[Collected data]
========
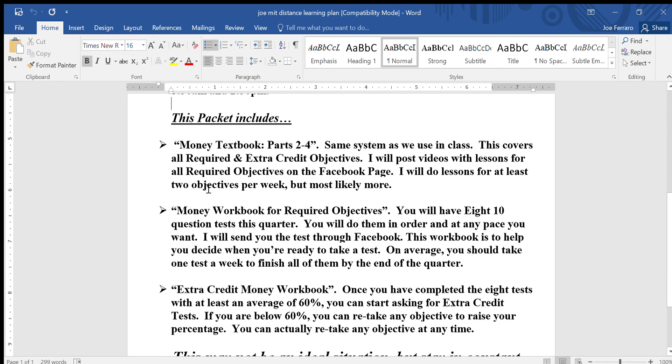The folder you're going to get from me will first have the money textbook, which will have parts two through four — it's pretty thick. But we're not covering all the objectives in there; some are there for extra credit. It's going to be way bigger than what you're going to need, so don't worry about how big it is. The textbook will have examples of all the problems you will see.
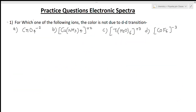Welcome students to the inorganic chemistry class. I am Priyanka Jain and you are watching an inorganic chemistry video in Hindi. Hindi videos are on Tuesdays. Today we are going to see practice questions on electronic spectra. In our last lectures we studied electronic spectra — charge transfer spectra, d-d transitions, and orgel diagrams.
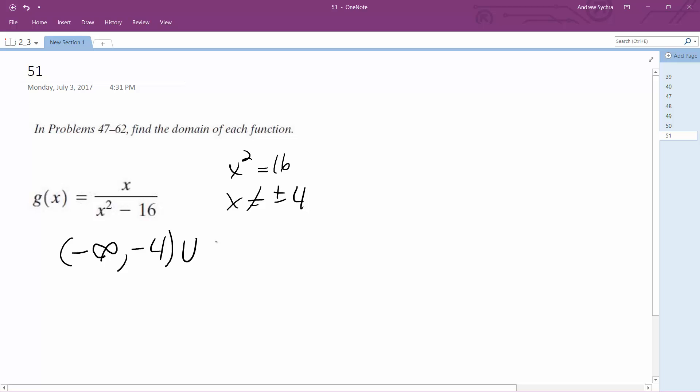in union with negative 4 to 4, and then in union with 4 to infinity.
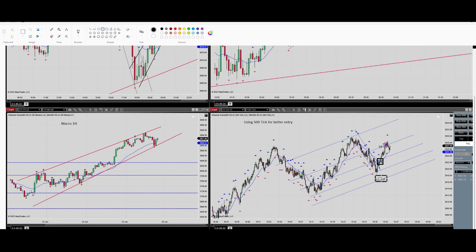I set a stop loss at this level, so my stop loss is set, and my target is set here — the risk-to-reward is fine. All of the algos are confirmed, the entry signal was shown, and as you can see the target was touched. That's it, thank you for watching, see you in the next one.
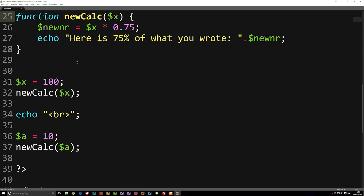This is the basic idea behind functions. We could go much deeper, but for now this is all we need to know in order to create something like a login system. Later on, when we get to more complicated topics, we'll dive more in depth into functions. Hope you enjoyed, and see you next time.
========
# [WHAT YOU WILL DO]
Write out exactly the lines that run from the one containing "in union with negative" to the last line of the entries above, both ends kept, pictures left out.

# [WRITTEN ANSWER]
in union with negative 4 to 4, and then in union with 4 to infinity.
I set a stop loss at this level, so my stop loss is set, and my target is set here — the risk-to-reward is fine. All of the algos are confirmed, the entry signal was shown, and as you can see the target was touched. That's it, thank you for watching, see you in the next one.
This is the basic idea behind functions. We could go much deeper, but for now this is all we need to know in order to create something like a login system. Later on, when we get to more complicated topics, we'll dive more in depth into functions. Hope you enjoyed, and see you next time.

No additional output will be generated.